_What is needed_.
From the data below, return only the lines from the one with "Tiga Korban Penukaran" through the one with "Dotapda, photo 2", exact and inclusive, with pictures left out.

_Data provided_.
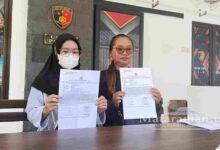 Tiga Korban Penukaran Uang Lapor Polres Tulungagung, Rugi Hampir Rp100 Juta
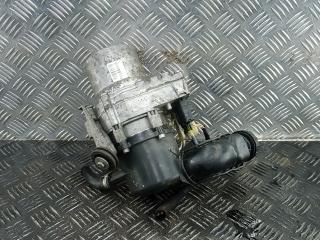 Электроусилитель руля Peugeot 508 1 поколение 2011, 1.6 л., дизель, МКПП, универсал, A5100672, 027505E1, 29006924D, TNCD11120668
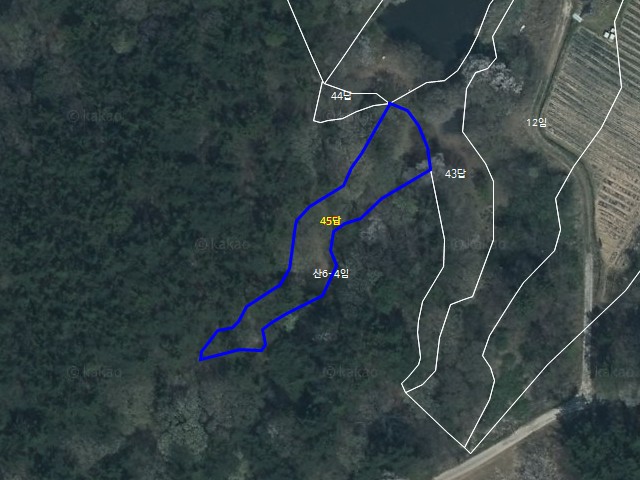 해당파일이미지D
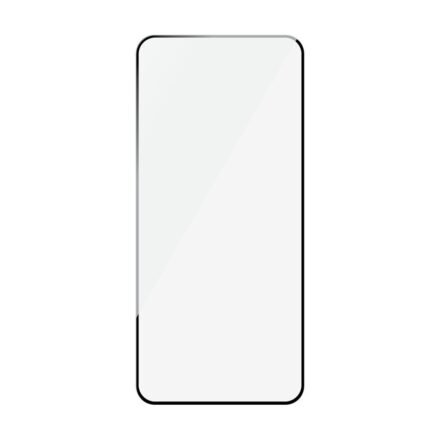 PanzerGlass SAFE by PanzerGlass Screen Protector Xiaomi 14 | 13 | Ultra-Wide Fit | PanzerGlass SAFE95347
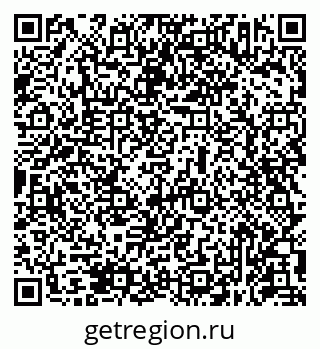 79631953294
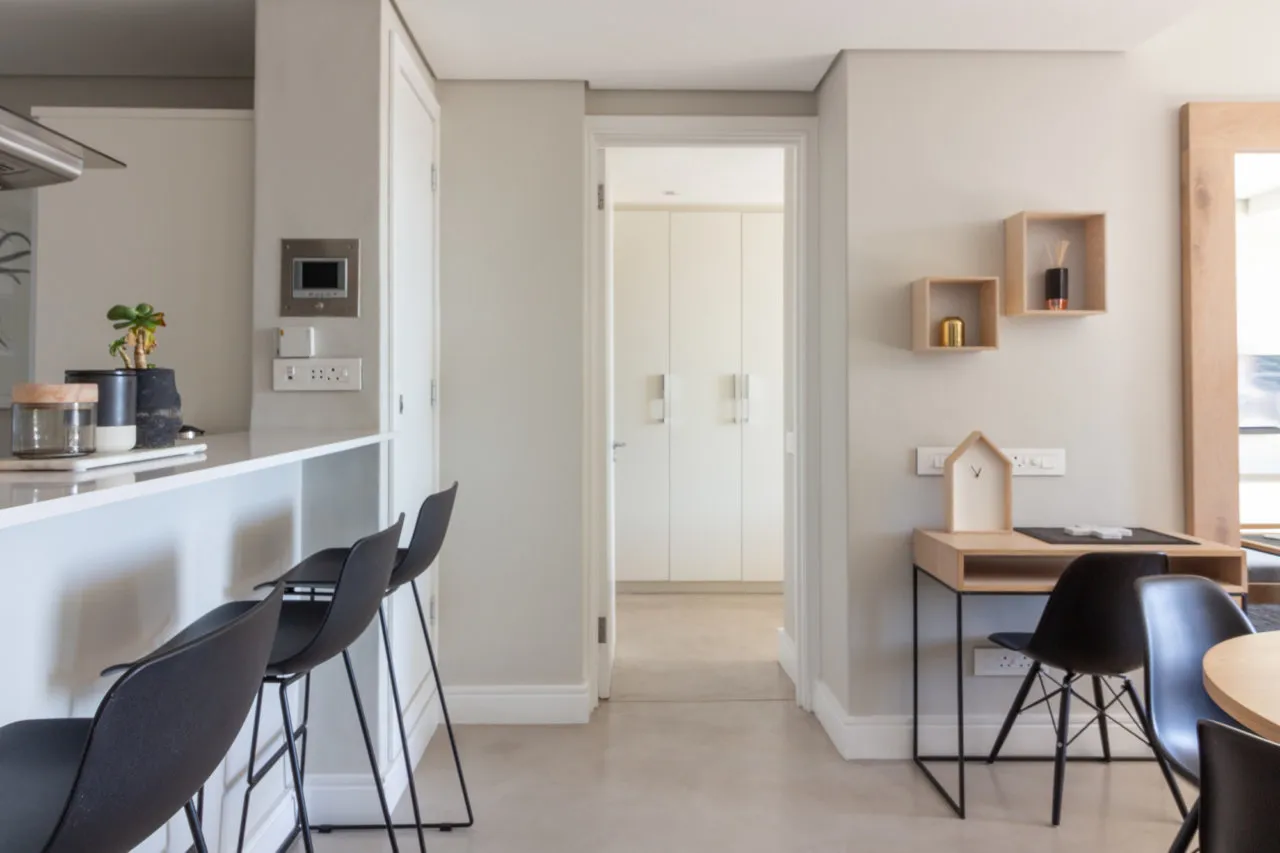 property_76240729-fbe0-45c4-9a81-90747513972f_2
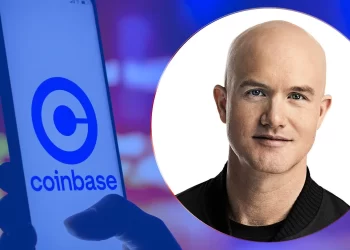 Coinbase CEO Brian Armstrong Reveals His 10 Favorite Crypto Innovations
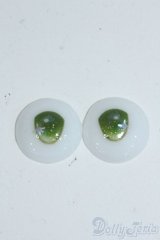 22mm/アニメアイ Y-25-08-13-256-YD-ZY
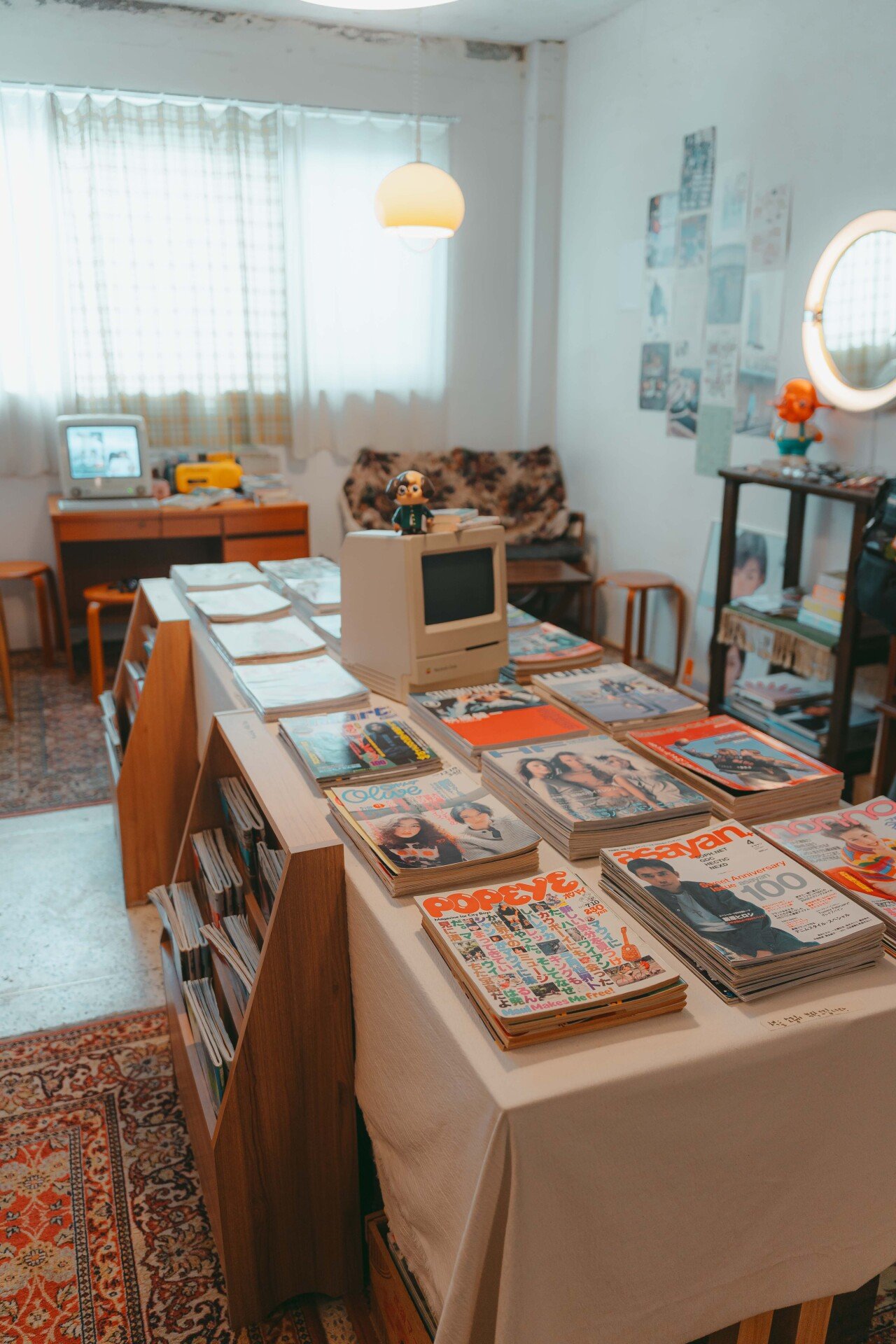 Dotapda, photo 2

--

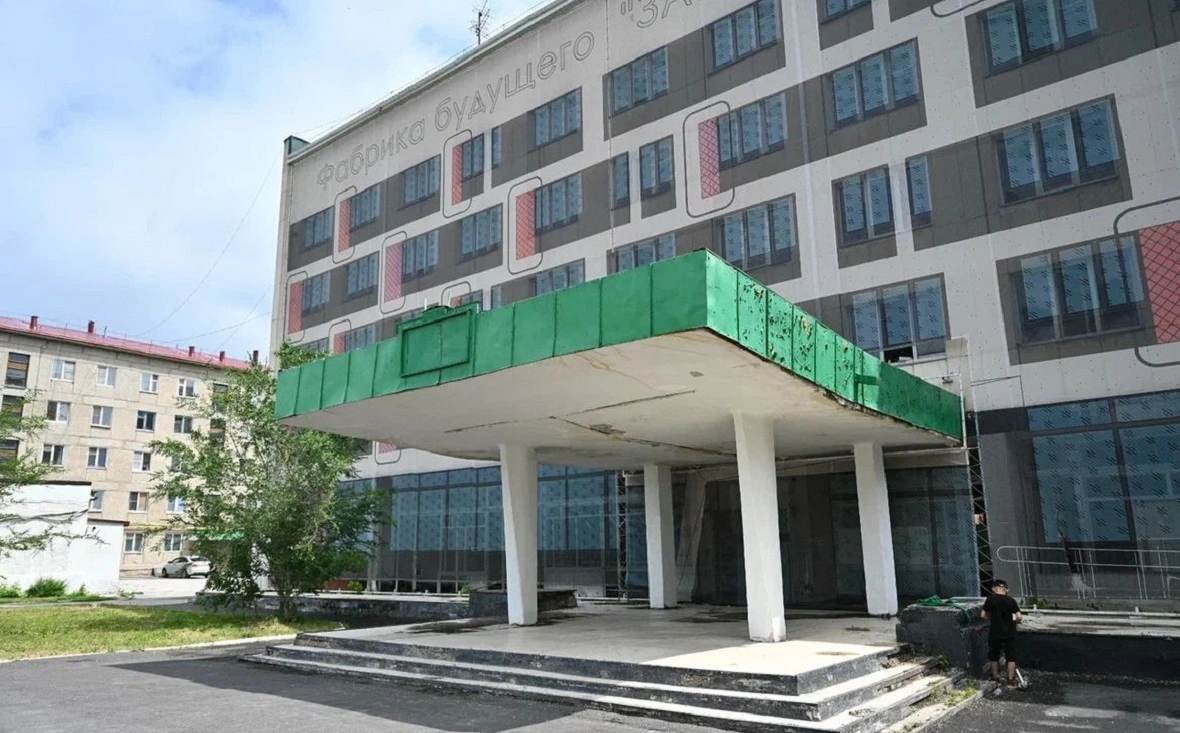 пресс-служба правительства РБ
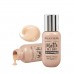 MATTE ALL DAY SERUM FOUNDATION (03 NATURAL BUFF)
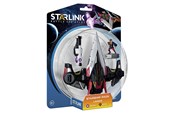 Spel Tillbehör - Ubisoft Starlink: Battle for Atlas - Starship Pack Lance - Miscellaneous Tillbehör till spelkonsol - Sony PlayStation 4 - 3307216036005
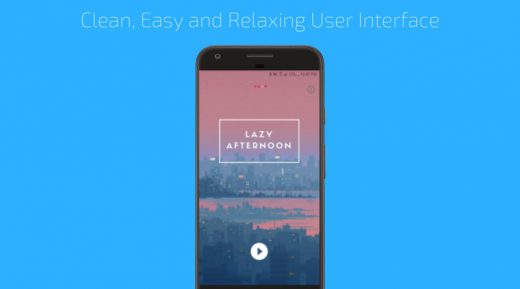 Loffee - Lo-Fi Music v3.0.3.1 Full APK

_Answer to this problem_.
 Tiga Korban Penukaran Uang Lapor Polres Tulungagung, Rugi Hampir Rp100 Juta
 Электроусилитель руля Peugeot 508 1 поколение 2011, 1.6 л., дизель, МКПП, универсал, A5100672, 027505E1, 29006924D, TNCD11120668
 해당파일이미지D
 PanzerGlass SAFE by PanzerGlass Screen Protector Xiaomi 14 | 13 | Ultra-Wide Fit | PanzerGlass SAFE95347
 79631953294
 property_76240729-fbe0-45c4-9a81-90747513972f_2
 Coinbase CEO Brian Armstrong Reveals His 10 Favorite Crypto Innovations
 22mm/アニメアイ Y-25-08-13-256-YD-ZY
 Dotapda, photo 2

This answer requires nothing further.